Can bison be called line by line by an external program and still keep its internal data structure intact?
no. It is an LALR(1) parser generator. The code generated interprets an entire grammar. Once it is finished with the grammar the only "state" remaining is any dynamic structure created during parsing. It is NOT a line-by-line translator.

Would the dynamic structure disappear after yyparse() was exited or could it be made to stay around?

2) For the following:

Quote:

In a single pass, the rule
Code:
...: WHILE expr statements WEND {
$$.value = generate_while($2.value, $3.value);
};
This simply adds to the parse tree (represented by $$.value), by creating a
(dynamic) structure with 3 elements - the entry is identified as a while, a
pointer to the parse tree for the expression (represented by $2.value), and a
pointer to the parse tree for the statements (represented by the $3.value).

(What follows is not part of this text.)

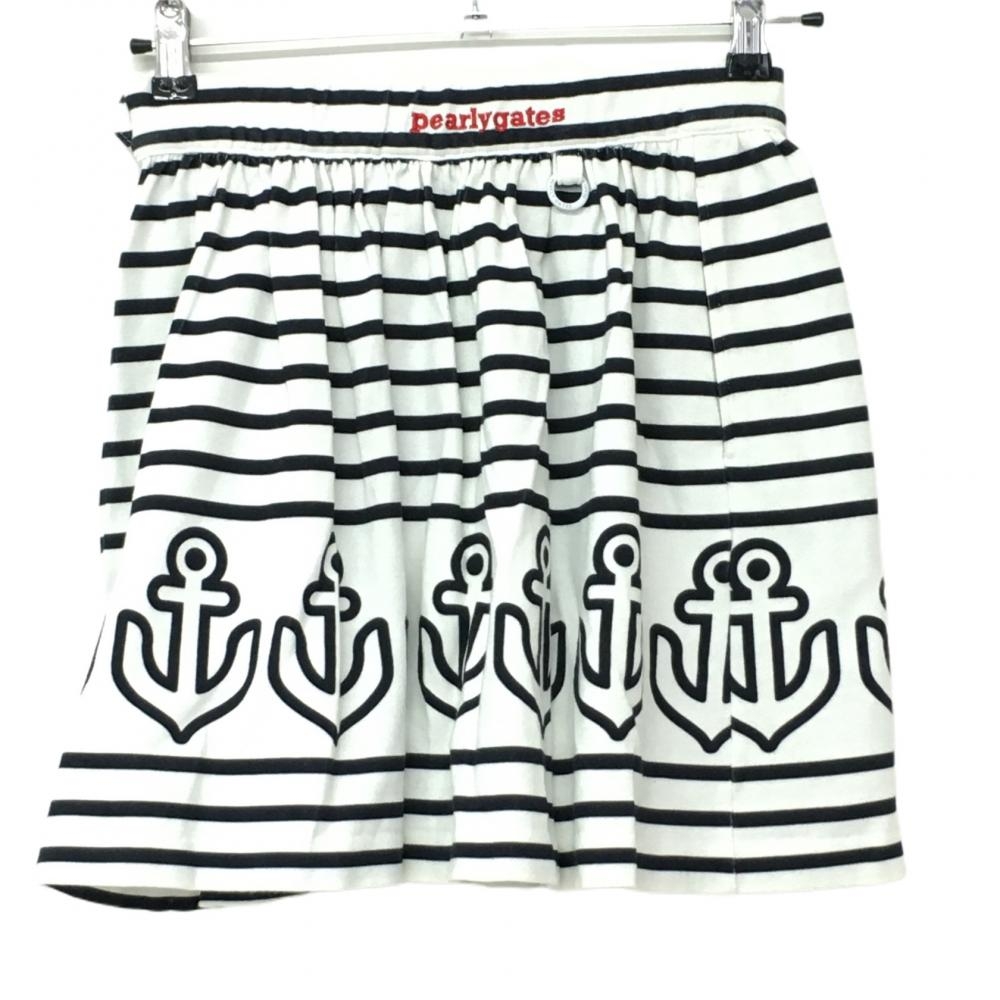 パーリーゲイツ スカート 白×黒 ボーダー ウ レディース 1(Ｍ) ゴルフウェア PEARLY GATES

No labels (forward or backward) required AT THIS TIME.

What is this entry? Something like:

Code:

struct entry {

    unsigned char        entry_type;

    struct entry        *left;

    struct entry        *center;

    struct entry        *right;

}

What are the values for entry_type? A number representing the significant
elments of the language: STATEMENT, IF, WHILE, FUNCTION, ASSIGN, VARIABLE, ADD, SUB,
MUL, DIV, EXP, ...

For:

Code:

$$.value = generate_while($2.value, $3.value);

does "generate_while" create and fill STRUCT ENTRY's left, center and right elements and then assign the structure's address to $$.value? Does it have to create a new instance of STRUCT ENTRY? If so how? With malloc?

jpollard

10-10-2013 08:48 PM

Quote:

Originally Posted by schmitta (Post 5043635)

Please bear with me.

Not a problem. I've always liked parsers, and have used them to create small languages for configuration files (things like menu buttons, rules for network access, even one that allowed a program to be morphed into any program desired).

Quote:

1)

Would the dynamic structure disappear after yyparse() was exited or could it be made to stay around?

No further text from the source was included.